My grandma's pfefferneussen are famous. They are small, round, spicy, German cookies. I can't remember ever visiting without having them on hand. Now my little girls expect them every single time we come to visit, which is usually once a week.
This morning grandma didn't have any pfefferneussen. Girls were keenly disappointed. Jo took grandma's hand and said, with not a little grown-up-edness, "Well, grandma, next time you can have cookies for us." In grandma's words, she was 'tickled' at Josephine's words.
This week is Spring Break, which is does not translate to a break for me. It just means our usual haunts are off limits because Utah Valley's children have been let loose. Amelia really noticed the absence of school today, and said with dismay, "But, I need to do my Centers!" So we did Centers at Grandma's house, and she gave the girls a clipboard and a pencil, and gave them gridded sheets of paper with titles like the "Masonic Graveyard Names of Massachusetts." This kind of organization fired up Josephine's imagination. She wandered around the house, clipboard in the crook of her arm, and jotted things down. She told me she was doing 'inspection,' then sat down, legs crossed, fastidiously holding her pencil correctly. I don't know what she thinks 'inspection' means.
Hazel loved the long lists of names too. This child is a carbon copy of her father. She has his ability to hone in on just one thing and amass powers of concentration to make it 'perfect.' She tries so hard to write letters. She gets so close to tracing them. When I looked at her genealogy paper, she had tried to trace the tiny letters with obvious effort, and on the back let loose her frustration in big fat circles.
We went home and I made lunch. I had crackers with boursin and cherry tomatoes, two slices of pecan-white chocolate bread, and two spears of pineapple. They had oven-baked dinosaur chicken nuggets. The twins made each other laugh so hard I was afraid they would choke on their food.

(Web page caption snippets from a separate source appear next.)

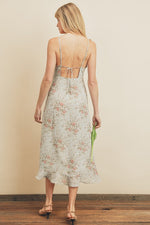 Carlota Floral Asymmetrical Midi Dress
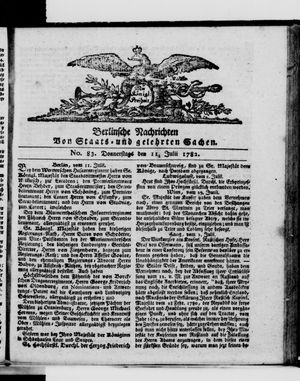 Berlinische Nachrichten von Staats- und gelehrten Sachen vom 11.07.1782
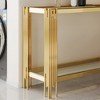 KIGFTSOD Top & Bottom Double Layer Tempered Glass Console Table with Mirror-Finished Stainless Steel Frame - 3 of 4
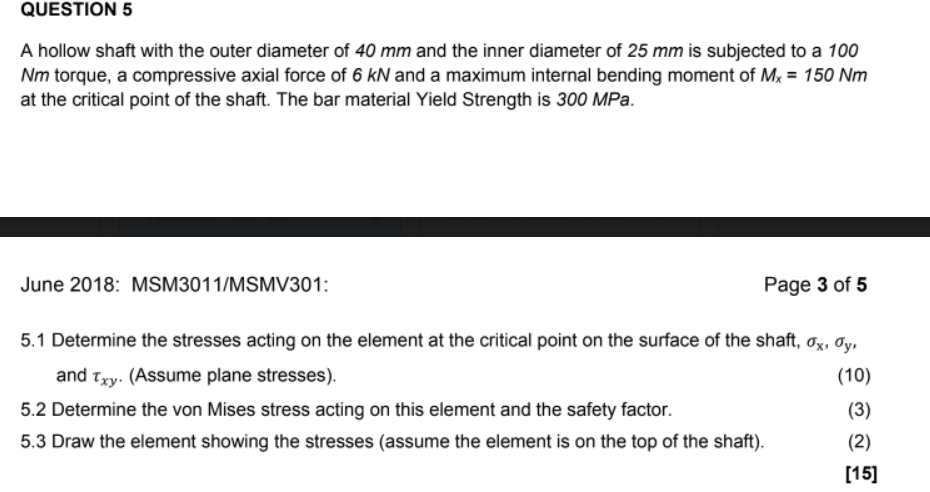 Question 5 A Hollow Shaft With The Outer Diameter Of 40 Mm And The Inner Diameter Of 25 Mm Is Subjected To A 100 Nm Torq 1
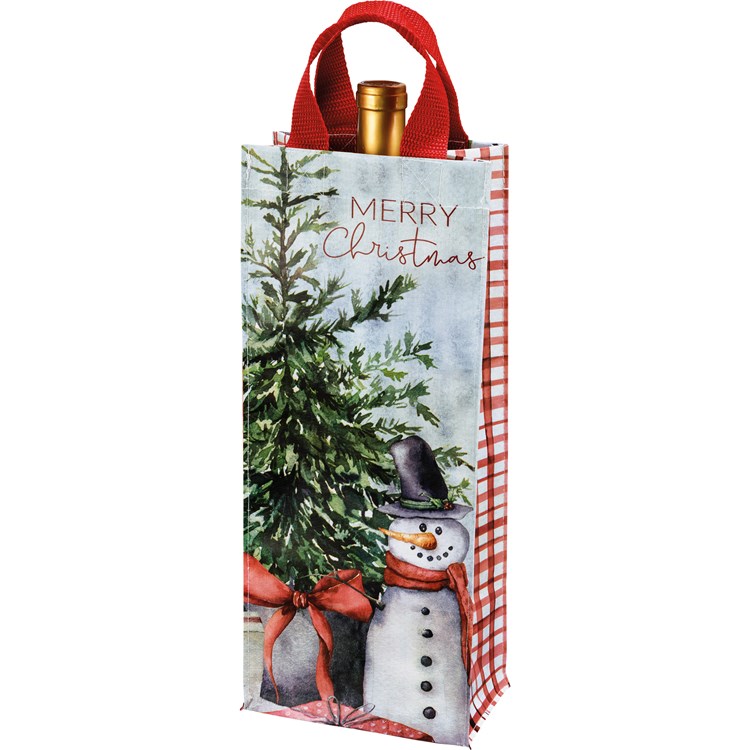 Merry Christmas Wine Tote - Post-Consumer Material, Nylon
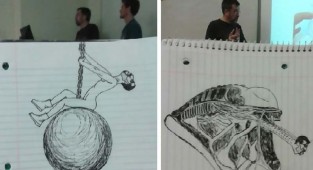 Студент, просиживая время на парах, рисовал своего преподавателя, создавая веселые карикатуры (11 фото)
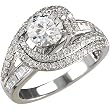 14K White Gold Diamond Engagement Ring Semimount - 0.87 Ct. - DOES NOT INCLUDE CENTER STONE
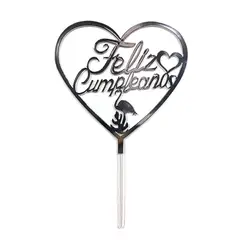 GENERICO - DECO TORTA ACRILICO FC CORAZON PLATEADO X1 UNI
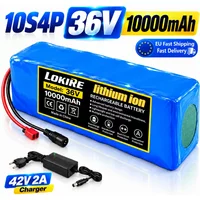 36V 10000mAh 10S4P Akku mit 18650-Zellen, XT60, BMS und 42V 2A Ladegerät, Li-Ion-Paket für E-Bike 500W 1000W, hohe Reichweite und schneller Versand aus EU-Lager in Polen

This is a very run-of-the-mill day for us, and I feel like I have thousands of days like it ahead of me. But sometimes I'm afraid if I don't record it somewhere it will just wash away, or I won't be able to reflect on the goodness of it all. We have wonderful moments, hysterical moments, funny moments, sad ones. Mostly I'm breaking up fights and teaching them. Its all a lot of work, and somehow it takes all of me to do it. But really, we have a wonderful life.